The draft law calls for survey committees to be formed in each governorate. These would classify areas into premium, mid-level, and economy zones based on criteria such as geographic location, building standards, public utilities, transportation networks, and health, education, and social services. The committees must complete their work within three months of the law’s implementation.
The law also allows landlords to request eviction if tenants—or their successors under extended leases—leave the unit vacant for over a year without justification or if they own another property suitable for the same purpose.
Tenants would be permitted to apply for a state-provided residential or commercial unit, either for rent or purchase, before their contract expires. Priority would be given to vulnerable groups. Those who apply must sign a declaration committing to vacate the old unit upon receiving a state allocation.
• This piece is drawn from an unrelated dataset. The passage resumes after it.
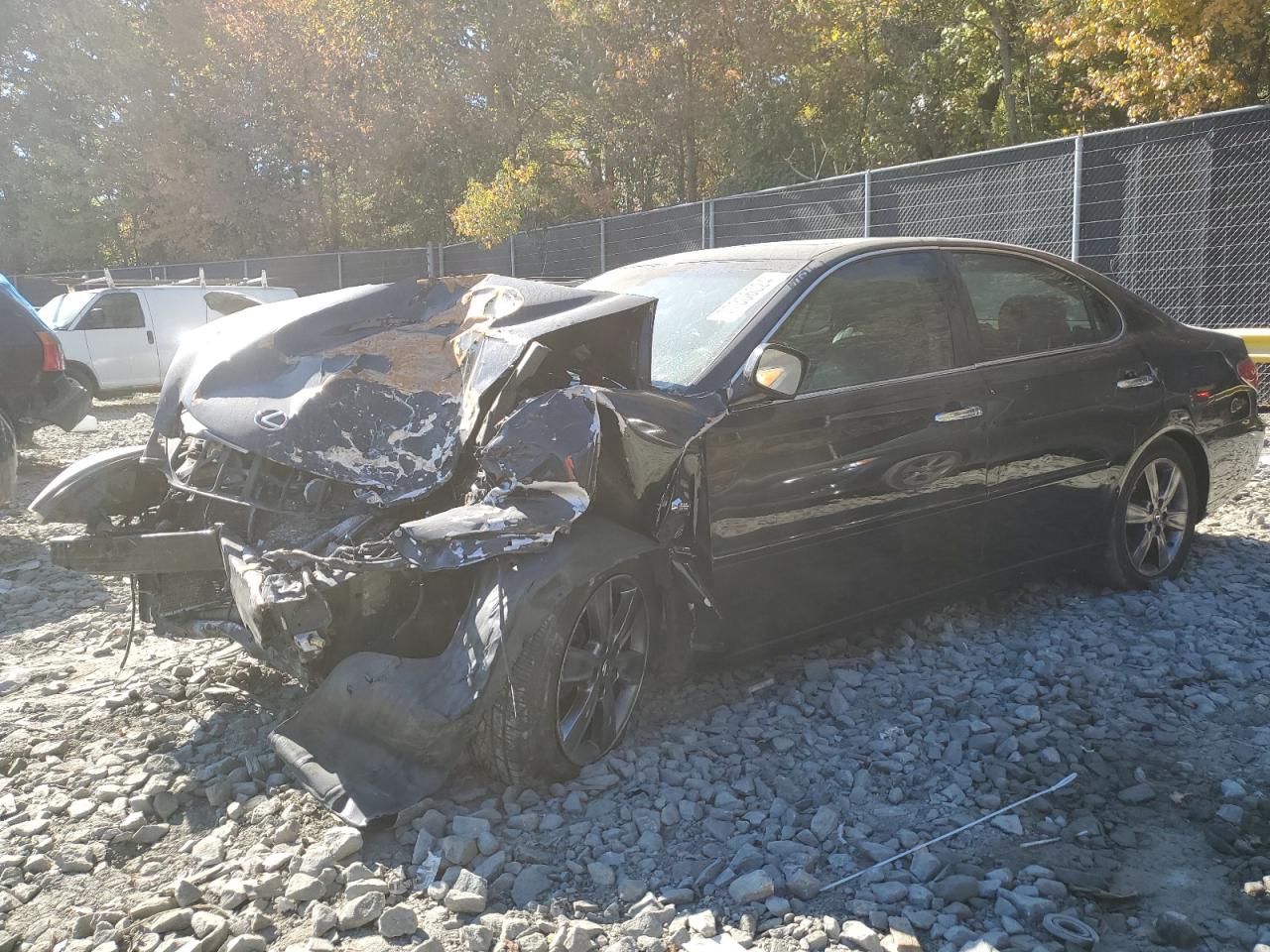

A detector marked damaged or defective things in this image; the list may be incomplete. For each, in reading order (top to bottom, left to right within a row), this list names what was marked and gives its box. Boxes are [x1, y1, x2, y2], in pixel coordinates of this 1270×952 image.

crumpled hood [154, 276, 655, 506]
shattered windshield [583, 260, 786, 387]
torn metal [30, 276, 722, 825]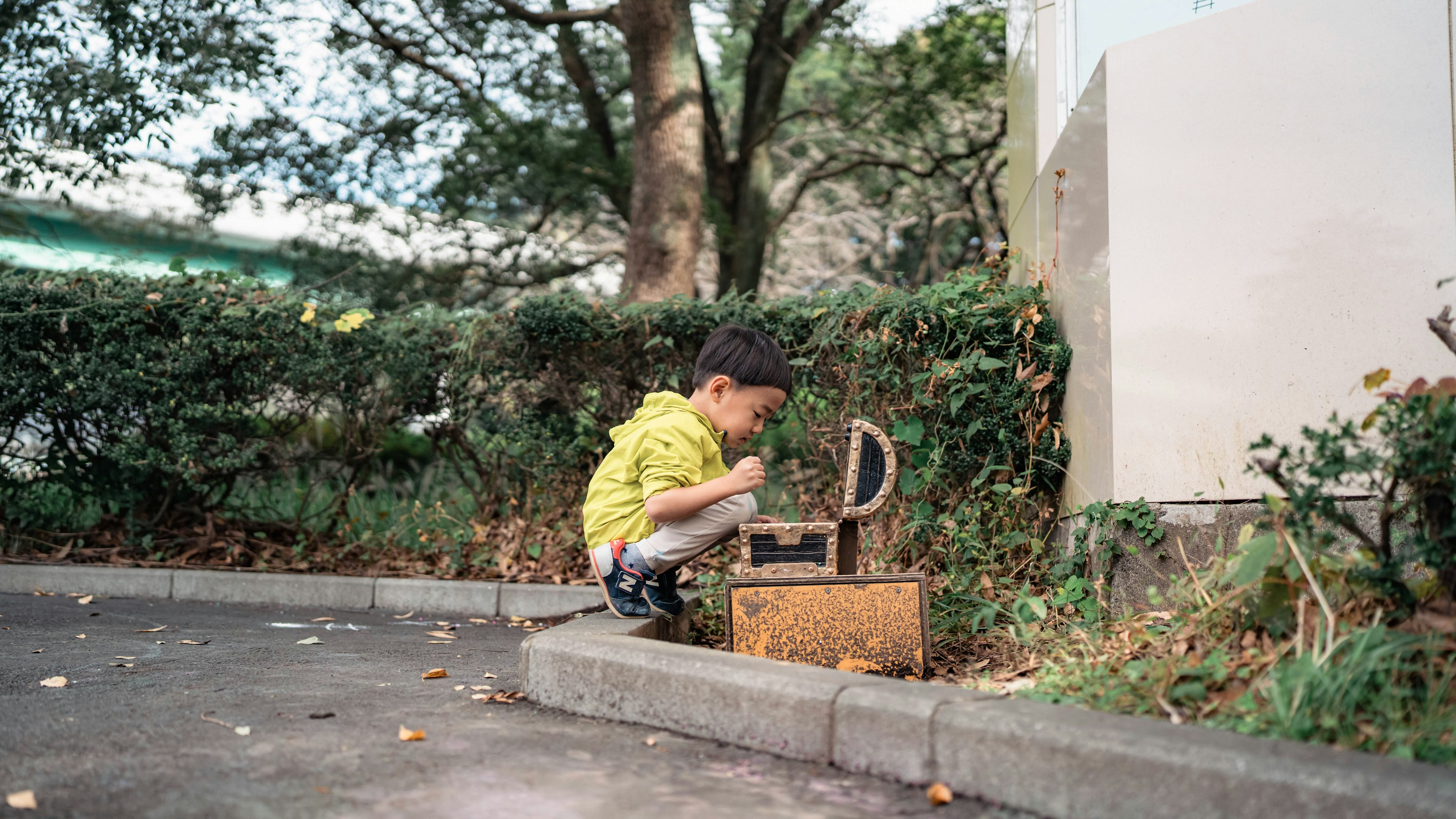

Previously, the heads of the engineers’ and doctors’ syndicates warned that the government’s earlier proposal—setting a five-year transition before ending old leases—could trigger a “social explosion” and jeopardize the stability of millions of Egyptians.
In a separate warning in early May, Cassation lawyer Entessar Elsaeed, who chairs the Cairo Foundation for Development and Law, cautioned that the law could disproportionately harm women. She told Al Manassa it “would pit tenants against one another and threaten social peace.”
Legal and political pressure for reform had been building in the past months. In November 2024, Egypt’s Supreme Constitutional Court ruled that fixed rents under Law 136 of 1981 were unconstitutional, urging Parliament to act to rebalance landlord-tenant relations.
One year earlier, in October 2023, President Abdel Fattah El-Sisi publicly backed reform, citing nearly two million unoccupied units left unused after the original owners had died—a byproduct of the outdated rent law.